Google hit the news last night for all the wrong reasons. Firstly when their printer inadvertently issued their Q3 results hours too early (when NASDAQ was still in session!). Secondly by issuing results that were well below expectations.
But if you look behind the announcements you can see a more interesting trend.
Indeed, all the current analysis seems to show that the move to mobile is happening even faster than expected, certainly faster than many top companies predicted. Google reported that annualized revenues from mobile are now $8B compared with $2.5B a year back. That’s a pretty stunning change and could be considered good news if mobile was core to Google’s business. It hasn’t been.
Others see the change. Gartner’s key theme for their upcoming Symposion ITxpo conference is the “Nexus of Forces”, the coming together of the key themes that define the current technological age. One of those key forces is mobile. Their prediction of “5B mobile devices and $52B in app revenues by 2015” seems to already be coming true.

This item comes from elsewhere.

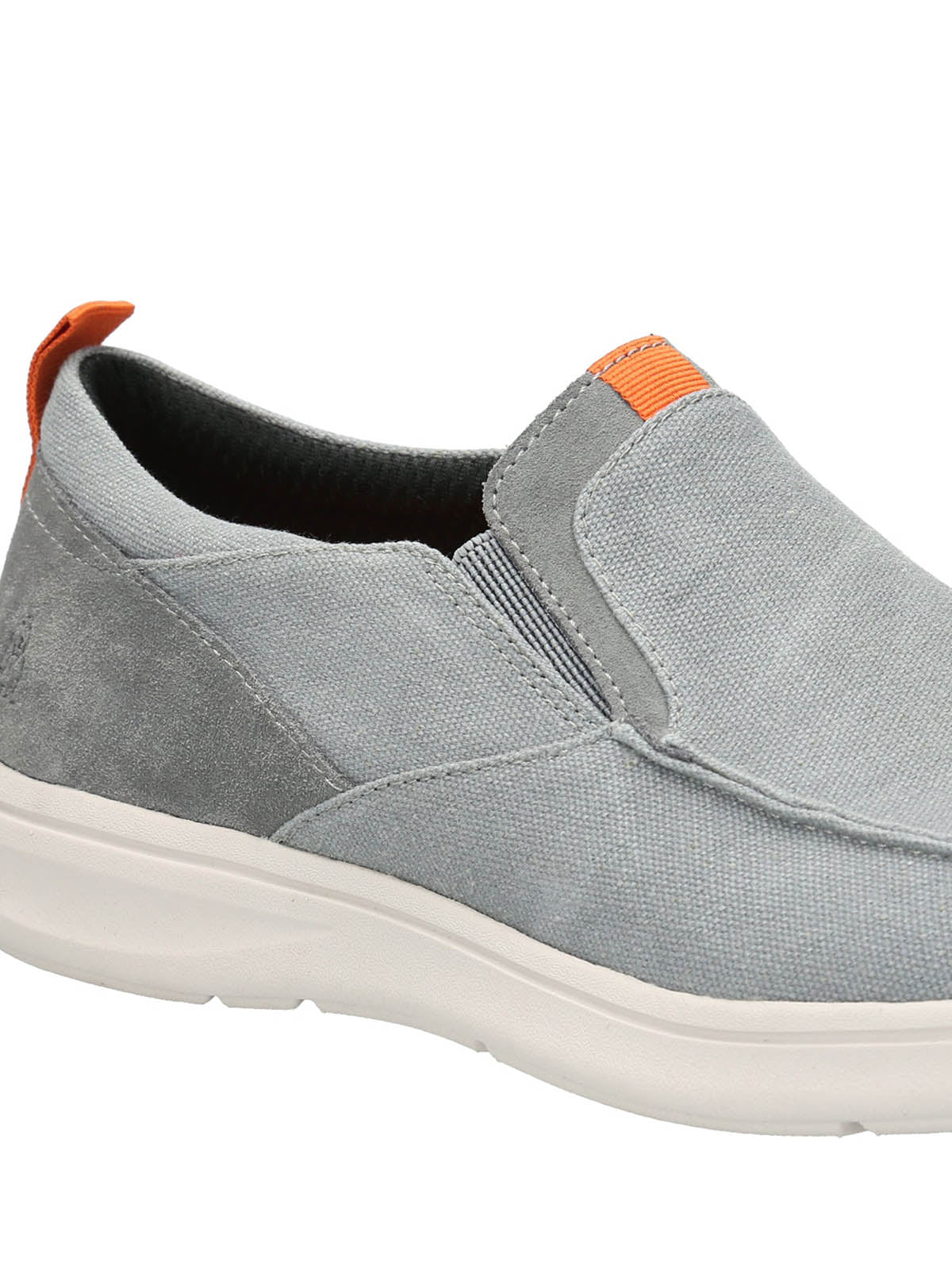 Slip On Hombre Bacco Gris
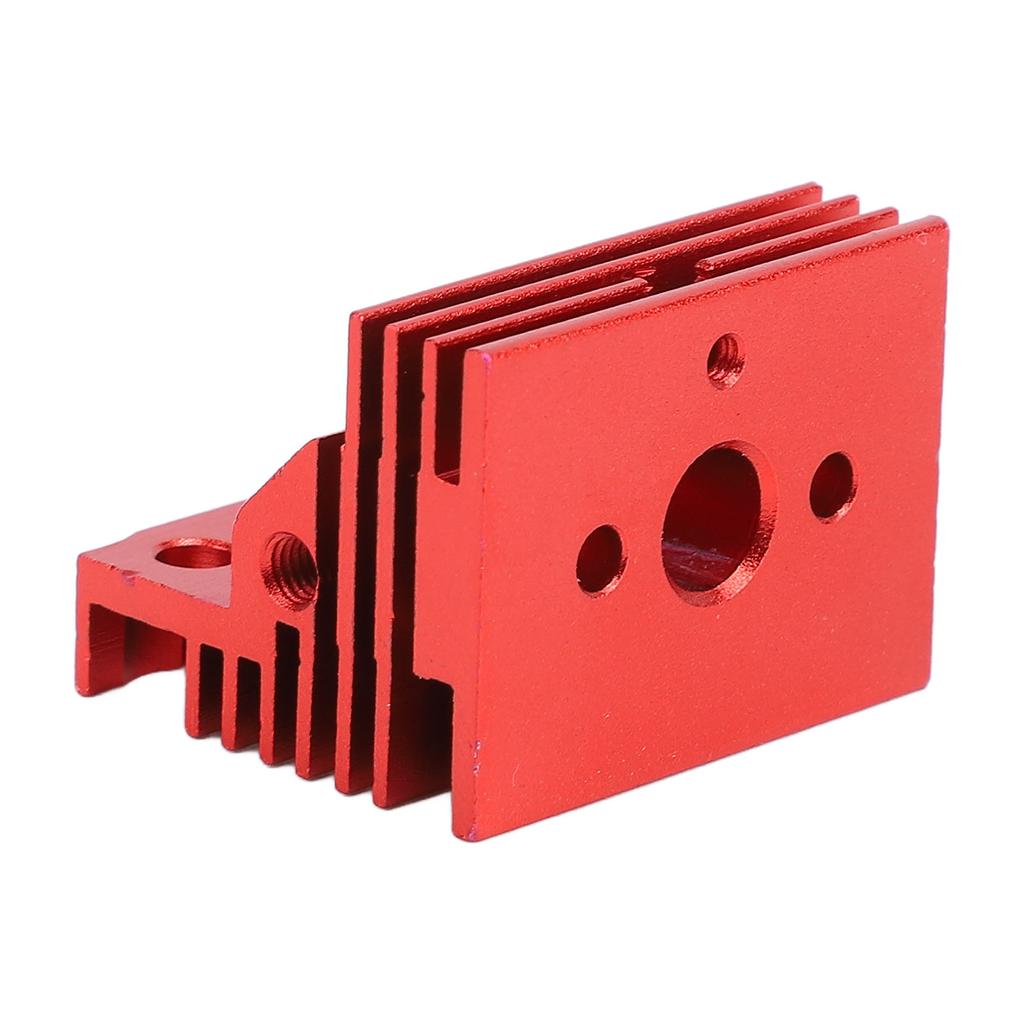 Efficient Extruder Heat Sink Block, Aluminum Alloy Cooling for K1 3D Printer Ceramic Hotend, Compatible with Ceramic Hotend for K1 3D Printer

What spooked the market was Google’s 15% year-over-year and 3% quarter-over-quarter decline in advertising ‘cost per click’. It shows that Google is suffering the same malady as Facebook, whose shares were dragged down nearly 5% on the Google news. This isn’t surprising as they are both experiencing lower revenues as users move to mobile.
Neither company has demonstrated to the marketplace that they have a solid plan to accelerate alongside surging mobile usage. Fewer eyes on monitor-sized browsers is an enormous challenge to overcome when they’ve both ‘grown up’ with the browser as the primary interface to the Internet.
So mobile is clearly becoming critically important, but the companies most effective at extracting revenue even a short time ago are struggling to make it work as things change.